First of all: not a native english speaker, and not a mathematician.
Please explain as you would to your 10 years old son.
- I have 120 questions to answer True or False
- For each right answer, i score 1 point
- For each wrong answer, i lose 1 point
- Not answering a question does not affect the score (=0)
- I don't know if the T/F is evenly distributed, so it could be 50/50, 85/15, etc (%)
- I don't know the answer for any of them, so i'll just guess them all
Given the above, can i say that:
- I have 50% chance of getting each question right?
- I have 50% chance of getting all questions right?
- Answering all is better than answering just some of the questions?
- I have to score a minimum of 70 points, but only know the correct answer for 50 questions; how many others would be "safe" to guess? Only 20? The remaining 70? Or something in between?
Feel free to edit the question (or the title) if i wrote something wrong.
If you guess randomly, half chance T and half chance F, then yes.
No. You have 50% chance of getting the first question correct, and then only 50% chance of getting the second question correct, and 50% chance each for the remaining 118 questions. Even you get the first correct (50% chance), your chance of getting the first two correct is only 50% out of the first 50%, i.e. 25%. Then, for your third question, you have only 50% out of the 25% chance to have all first three questions correct, i.e. 12.5%.
Therefore, when you keep calculating, you have $0.5^{120}$ chance of getting all questions right, which is very unlikely.
If you answer/guess a question instead of leaving it out, you have half chance of losing a mark but also half chance of getting a mark. Therefore, you expect not to get any marks on average if you repeat this for many times. Whether to take this risk is entirely personal up to your risk preference; most people prefer making less risky choices if the expected outcomes are the same, but again this is up to your preference.

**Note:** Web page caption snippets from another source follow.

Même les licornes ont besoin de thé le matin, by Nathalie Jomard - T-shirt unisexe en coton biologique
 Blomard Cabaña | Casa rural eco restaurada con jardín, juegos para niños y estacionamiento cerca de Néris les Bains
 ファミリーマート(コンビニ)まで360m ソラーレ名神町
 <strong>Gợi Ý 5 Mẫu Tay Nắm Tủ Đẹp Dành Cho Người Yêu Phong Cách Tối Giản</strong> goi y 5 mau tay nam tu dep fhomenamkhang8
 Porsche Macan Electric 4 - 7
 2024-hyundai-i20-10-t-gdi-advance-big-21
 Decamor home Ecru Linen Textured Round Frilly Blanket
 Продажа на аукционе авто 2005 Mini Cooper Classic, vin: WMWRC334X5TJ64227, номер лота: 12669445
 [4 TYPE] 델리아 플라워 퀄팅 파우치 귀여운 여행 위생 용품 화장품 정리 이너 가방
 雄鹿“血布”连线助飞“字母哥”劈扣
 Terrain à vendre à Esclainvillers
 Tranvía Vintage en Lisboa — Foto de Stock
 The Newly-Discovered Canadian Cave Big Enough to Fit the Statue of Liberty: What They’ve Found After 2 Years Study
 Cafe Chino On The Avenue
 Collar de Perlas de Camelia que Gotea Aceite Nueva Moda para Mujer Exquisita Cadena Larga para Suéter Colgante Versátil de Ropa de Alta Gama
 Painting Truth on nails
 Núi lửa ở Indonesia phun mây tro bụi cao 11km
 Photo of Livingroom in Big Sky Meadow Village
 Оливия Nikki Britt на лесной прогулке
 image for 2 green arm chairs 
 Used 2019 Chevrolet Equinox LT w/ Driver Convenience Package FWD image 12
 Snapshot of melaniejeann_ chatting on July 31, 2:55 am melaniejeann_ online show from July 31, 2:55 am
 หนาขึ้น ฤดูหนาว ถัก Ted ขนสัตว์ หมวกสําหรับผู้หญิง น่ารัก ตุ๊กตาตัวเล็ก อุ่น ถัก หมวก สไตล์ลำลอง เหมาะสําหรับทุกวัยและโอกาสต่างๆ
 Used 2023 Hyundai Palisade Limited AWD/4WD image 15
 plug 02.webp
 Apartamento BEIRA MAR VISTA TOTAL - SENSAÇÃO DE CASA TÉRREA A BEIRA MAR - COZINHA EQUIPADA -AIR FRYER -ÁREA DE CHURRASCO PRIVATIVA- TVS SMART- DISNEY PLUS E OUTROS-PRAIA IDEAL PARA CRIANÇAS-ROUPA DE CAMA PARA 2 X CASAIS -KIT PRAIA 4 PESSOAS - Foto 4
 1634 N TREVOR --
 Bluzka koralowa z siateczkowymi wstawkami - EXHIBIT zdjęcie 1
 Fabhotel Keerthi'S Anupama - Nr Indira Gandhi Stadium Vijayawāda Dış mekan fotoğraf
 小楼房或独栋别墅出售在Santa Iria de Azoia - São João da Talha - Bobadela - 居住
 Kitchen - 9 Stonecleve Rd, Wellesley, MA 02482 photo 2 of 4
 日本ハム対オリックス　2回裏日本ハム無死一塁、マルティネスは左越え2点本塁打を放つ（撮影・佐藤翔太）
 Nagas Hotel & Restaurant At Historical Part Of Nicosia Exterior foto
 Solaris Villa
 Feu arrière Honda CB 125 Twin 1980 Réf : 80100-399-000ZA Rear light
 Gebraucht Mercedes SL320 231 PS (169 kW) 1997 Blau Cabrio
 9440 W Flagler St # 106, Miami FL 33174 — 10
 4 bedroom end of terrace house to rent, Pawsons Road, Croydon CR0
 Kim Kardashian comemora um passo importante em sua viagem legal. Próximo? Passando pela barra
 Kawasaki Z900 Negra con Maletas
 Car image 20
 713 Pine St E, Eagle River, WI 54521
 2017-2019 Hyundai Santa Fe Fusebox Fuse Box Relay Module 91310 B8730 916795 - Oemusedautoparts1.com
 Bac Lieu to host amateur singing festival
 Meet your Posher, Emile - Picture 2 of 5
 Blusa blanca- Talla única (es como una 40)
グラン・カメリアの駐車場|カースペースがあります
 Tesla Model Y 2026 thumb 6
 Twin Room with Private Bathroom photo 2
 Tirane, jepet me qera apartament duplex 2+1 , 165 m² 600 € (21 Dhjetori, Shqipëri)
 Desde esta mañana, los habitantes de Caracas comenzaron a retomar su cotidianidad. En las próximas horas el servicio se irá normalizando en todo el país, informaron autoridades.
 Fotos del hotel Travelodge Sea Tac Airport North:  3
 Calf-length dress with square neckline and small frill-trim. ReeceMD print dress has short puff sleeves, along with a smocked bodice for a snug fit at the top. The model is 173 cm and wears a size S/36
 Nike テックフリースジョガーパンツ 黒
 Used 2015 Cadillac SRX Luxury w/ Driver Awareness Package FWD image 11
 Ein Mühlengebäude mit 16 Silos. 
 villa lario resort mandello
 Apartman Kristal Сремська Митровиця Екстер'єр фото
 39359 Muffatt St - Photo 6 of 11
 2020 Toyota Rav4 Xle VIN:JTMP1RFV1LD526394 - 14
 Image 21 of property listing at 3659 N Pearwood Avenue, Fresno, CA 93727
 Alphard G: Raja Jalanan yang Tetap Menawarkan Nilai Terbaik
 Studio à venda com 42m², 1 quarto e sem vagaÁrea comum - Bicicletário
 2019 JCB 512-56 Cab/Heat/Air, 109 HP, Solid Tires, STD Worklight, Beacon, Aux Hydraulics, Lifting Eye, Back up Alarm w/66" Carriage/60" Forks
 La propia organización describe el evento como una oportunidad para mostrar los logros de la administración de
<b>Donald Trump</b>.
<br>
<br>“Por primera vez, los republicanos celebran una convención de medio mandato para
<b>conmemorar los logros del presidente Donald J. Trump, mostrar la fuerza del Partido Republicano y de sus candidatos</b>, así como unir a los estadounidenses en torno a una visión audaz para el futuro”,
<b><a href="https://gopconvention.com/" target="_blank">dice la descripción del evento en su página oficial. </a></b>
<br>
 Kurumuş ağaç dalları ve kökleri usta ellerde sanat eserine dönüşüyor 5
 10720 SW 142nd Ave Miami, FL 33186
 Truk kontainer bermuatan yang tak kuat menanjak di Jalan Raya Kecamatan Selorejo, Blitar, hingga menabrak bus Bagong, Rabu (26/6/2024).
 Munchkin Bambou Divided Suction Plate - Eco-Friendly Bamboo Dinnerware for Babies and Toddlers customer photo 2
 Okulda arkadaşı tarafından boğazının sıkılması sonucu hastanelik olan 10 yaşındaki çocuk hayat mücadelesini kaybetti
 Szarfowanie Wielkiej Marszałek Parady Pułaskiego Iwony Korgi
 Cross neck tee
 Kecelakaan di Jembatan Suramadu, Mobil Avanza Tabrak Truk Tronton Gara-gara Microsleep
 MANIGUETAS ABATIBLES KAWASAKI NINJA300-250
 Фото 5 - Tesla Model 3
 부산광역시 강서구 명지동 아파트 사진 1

If you only know 50 questions, then you still have no idea on the remaining 70 questions. Similar to Q3, if you guess for 20 more questions, you have a chance of getting a pass, but you still have a greater chance to get 19 or less. (Why? the reasoning is similar to in Q2) And if you guess all 70 questions, your chance of getting 20 more marks in fact does get smaller (after deducting those questions you guessed wrongly), because you will have to guess at least 45 questions correctly to score 20 more. Statistically, you have no chance (far smaller than 0.01%) of getting a pass, no matter you choose to guess 0 or 20 or 70 questions.